In that 2021 article, Roxå et al. present different way to think about course evaluations, supported by a case study from the Faculty of Engineering at Lund University (LTH; which is where I work now! :-)). At LTH, the credo is that “more and better conversations” will lead to better results — in the context of the Roxå et al. (2021) article meaning that more and better conversations between students and teachers will lead to better learning. “Better” conversations are deliberate, evidence-based and informed by literature.

At LTH, the backbone for those more and better conversations are standardised course evaluations run at the end of every course. The evaluations are done using a standard tool, the “course experience questionnaire”, which focusses on the elements of teaching and learning that students can evaluate: their own experiences, for example if they perceived goals as clearly defined, or if help was provided. It is LTH policy that results of those surveys cannot influence career progressions; however, a critical reflection on the results is expected, and a structured discussion format has been established to support this:

The results from those surveys are compiled into a working report that includes the statistics and any free-text comments that an independent student deemed appropriate. This report is discussed in a 30-45 min lunch meeting between the teacher, two students, and the program coordinator. Students are recruited and trained specifically for their role in those meetings by the student union.
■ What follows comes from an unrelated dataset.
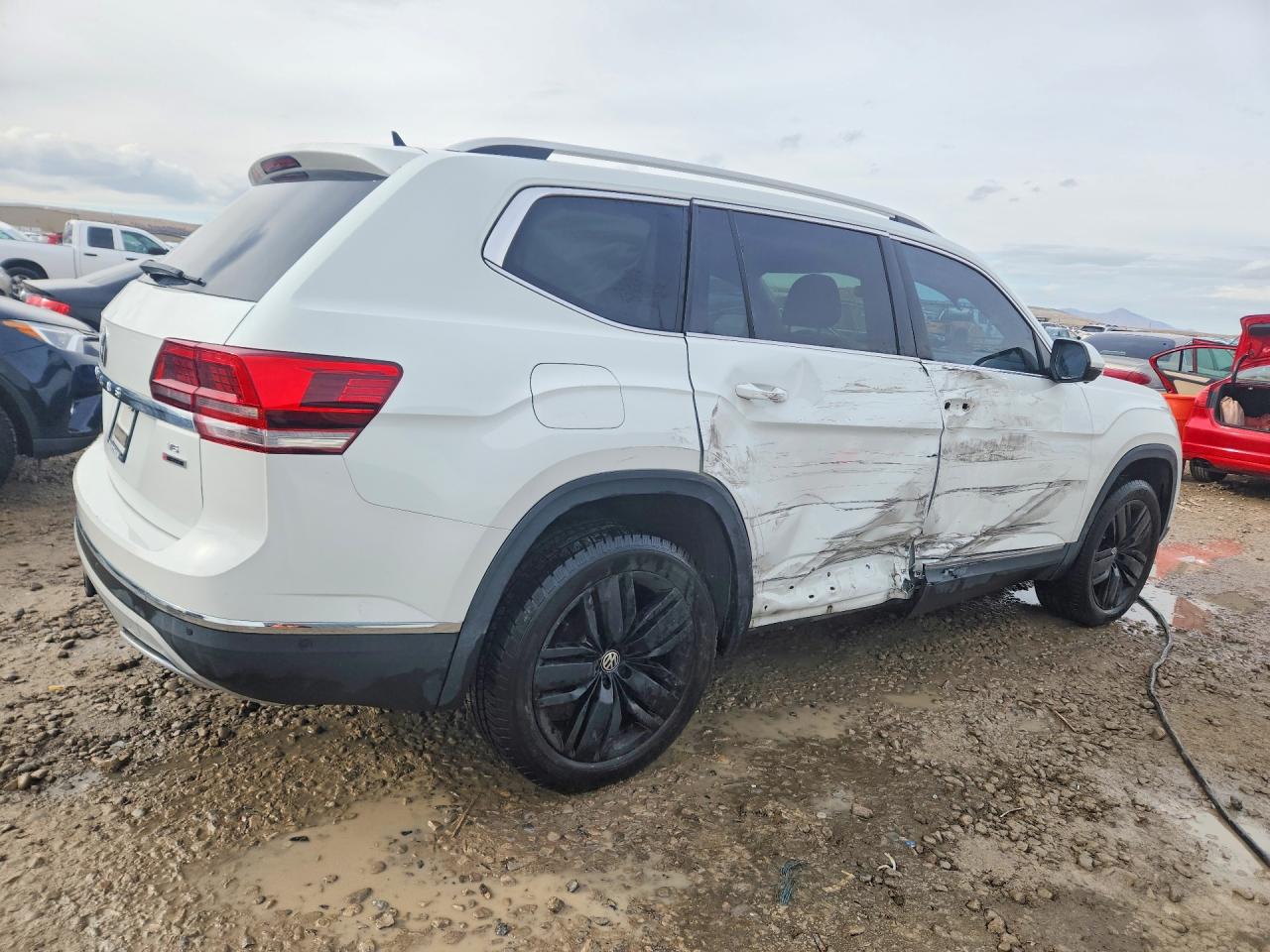 2018 VOLKSWAGEN ATLAS SEL PREMIUM photo 7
After the meeting and informed by it, each of the three parties independently writes a response to the student ratings, including which next steps should be taken. These three responses together with the statistics then form the official report that is being shared with all students from the class.

The discourse and reflection that is kick-started with the course evaluations, structured discussions and reporting is taken further by pedagogical trainings. At LTH, 200 hours of training are required for employment or within the first 2 years, and all courses include creating a written artefact (and often this needs to be discussed with critical friends from participants’ departments before submission) with the purpose of make arguments about teaching and learning public in a scholarly report, contributing to institutional learning. LTH also rewards excellence in teaching, which is not measured by results of evaluations, but the developments that can be documented based on scholarly engagement with teaching, as evidenced for example by critical reflection of evaluation results.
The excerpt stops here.